London Medley is the 1933 follow-up to Bonney Powell’s 1931 Fox-Movietone Manhattan Medley. Like its predecessor, London Medley announces itself as a contribution to the “city of contrasts” discourse that was so central to the city symphonies of the 1920s and 1930s, although here the language of the film’s opening title is much less hyperbolic. In fact, the impression that’s given is much more consistent with the travelogue genre: “Intimate glimpses of life in the Old World’s greatest metropolis. Here is the seat of international finance, the home of millions, the capital of an Empire – a city of both sparkling lights and deep shadows.” Indeed, much of the film stays true to the form of the travelogue, offering a vision of London that’s much more traditionally touristical than what we typically see in the city symphonies genre. Thus, the film begins with a picturesque shot of an old salt in a sailor’s cap lighting a pipe in silhouette in the foreground, while the busy Thames and Tower Bridge are framed in the background. This opening shot establishes the tone and approach of London Medley, and, sure enough, its viewer is treated to a tour of many of the city’s major monuments, including the Palace of Westminster, Trafalgar Square and Nelson’s Column, and St. Paul’s.
What distinguishes London Medley as a city symphony is its dawn-to-dawn structure, its interest in the rhythms and patterns of daily life in London (the morning rush, lunchtime, tea time, the evening commute, et cetera), its attention to London’s modernity (the Underground, Piccadilly Circus’s spectacular displays of electrical illumination), and its focus on the city’s vivid nightlife. As was the case in Manhattan Medley, the film ends with a flurry of scenes that capture the energy of nighttime in London, including its active theater district, its whimsical electrical advertisements, its busy restaurants, and its vibrant and exotic nightclubs, where jazz bands play, the Champagne flows, and Britain’s elite classes take in the risqué charms of the Can-Can, oddly.
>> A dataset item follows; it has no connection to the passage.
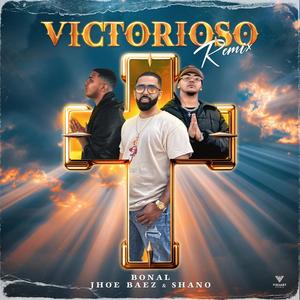 Victorioso (feat. Shano & Jhoe Baez) (Remix)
Thus, London Medley delivers on its promise of “sparkling lights,” but its treatment of London’s “deep shadows” is superficial, to say the least. The vision of London that’s provided is certainly not the benighted city of William Blake, William Booth, and so many others. Instead, its final shots have little to do with class and much to do with the restoration of order after another hectic day: a city worker hoses down Piccadilly Circus’s statue of Eros at 3:00 a.m.; a London bobby conducts his night watch, checking to see that nothing is amiss at Barclays; a tipsy reveler getting into a hackney cab and heading home under the paternalistic gaze of another bobby; and a cat prowls along a fence at dawn.